**ENTRIES SUPPLIED**.

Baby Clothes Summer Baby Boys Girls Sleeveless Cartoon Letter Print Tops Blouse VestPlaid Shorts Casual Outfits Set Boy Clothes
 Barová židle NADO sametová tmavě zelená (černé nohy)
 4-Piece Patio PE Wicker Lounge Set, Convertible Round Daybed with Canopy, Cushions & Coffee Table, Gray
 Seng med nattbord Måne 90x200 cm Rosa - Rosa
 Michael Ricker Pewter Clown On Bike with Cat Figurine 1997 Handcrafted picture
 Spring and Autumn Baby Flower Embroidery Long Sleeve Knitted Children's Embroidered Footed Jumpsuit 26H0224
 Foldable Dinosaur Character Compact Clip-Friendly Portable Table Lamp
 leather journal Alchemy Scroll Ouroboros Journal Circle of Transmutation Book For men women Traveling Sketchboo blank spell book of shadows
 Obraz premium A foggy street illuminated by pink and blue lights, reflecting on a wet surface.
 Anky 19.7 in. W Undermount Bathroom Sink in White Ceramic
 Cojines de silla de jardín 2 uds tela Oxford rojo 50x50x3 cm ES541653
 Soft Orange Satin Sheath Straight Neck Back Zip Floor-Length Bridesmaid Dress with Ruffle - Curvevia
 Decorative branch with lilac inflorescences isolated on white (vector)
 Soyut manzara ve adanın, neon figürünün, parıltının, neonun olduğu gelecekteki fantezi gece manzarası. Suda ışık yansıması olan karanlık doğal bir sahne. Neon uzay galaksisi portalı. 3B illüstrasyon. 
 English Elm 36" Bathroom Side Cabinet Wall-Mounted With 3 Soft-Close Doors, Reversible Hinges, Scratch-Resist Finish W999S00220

**REQUIREMENT**. Line for line, the material above should be repeated exactly.

**ANSWER TO THIS TASK**.
Baby Clothes Summer Baby Boys Girls Sleeveless Cartoon Letter Print Tops Blouse VestPlaid Shorts Casual Outfits Set Boy Clothes
 Barová židle NADO sametová tmavě zelená (černé nohy)
 4-Piece Patio PE Wicker Lounge Set, Convertible Round Daybed with Canopy, Cushions & Coffee Table, Gray
 Seng med nattbord Måne 90x200 cm Rosa - Rosa
 Michael Ricker Pewter Clown On Bike with Cat Figurine 1997 Handcrafted picture
 Spring and Autumn Baby Flower Embroidery Long Sleeve Knitted Children's Embroidered Footed Jumpsuit 26H0224
 Foldable Dinosaur Character Compact Clip-Friendly Portable Table Lamp
 leather journal Alchemy Scroll Ouroboros Journal Circle of Transmutation Book For men women Traveling Sketchboo blank spell book of shadows
 Obraz premium A foggy street illuminated by pink and blue lights, reflecting on a wet surface.
 Anky 19.7 in. W Undermount Bathroom Sink in White Ceramic
 Cojines de silla de jardín 2 uds tela Oxford rojo 50x50x3 cm ES541653
 Soft Orange Satin Sheath Straight Neck Back Zip Floor-Length Bridesmaid Dress with Ruffle - Curvevia
 Decorative branch with lilac inflorescences isolated on white (vector)
 Soyut manzara ve adanın, neon figürünün, parıltının, neonun olduğu gelecekteki fantezi gece manzarası. Suda ışık yansıması olan karanlık doğal bir sahne. Neon uzay galaksisi portalı. 3B illüstrasyon. 
 English Elm 36" Bathroom Side Cabinet Wall-Mounted With 3 Soft-Close Doors, Reversible Hinges, Scratch-Resist Finish W999S00220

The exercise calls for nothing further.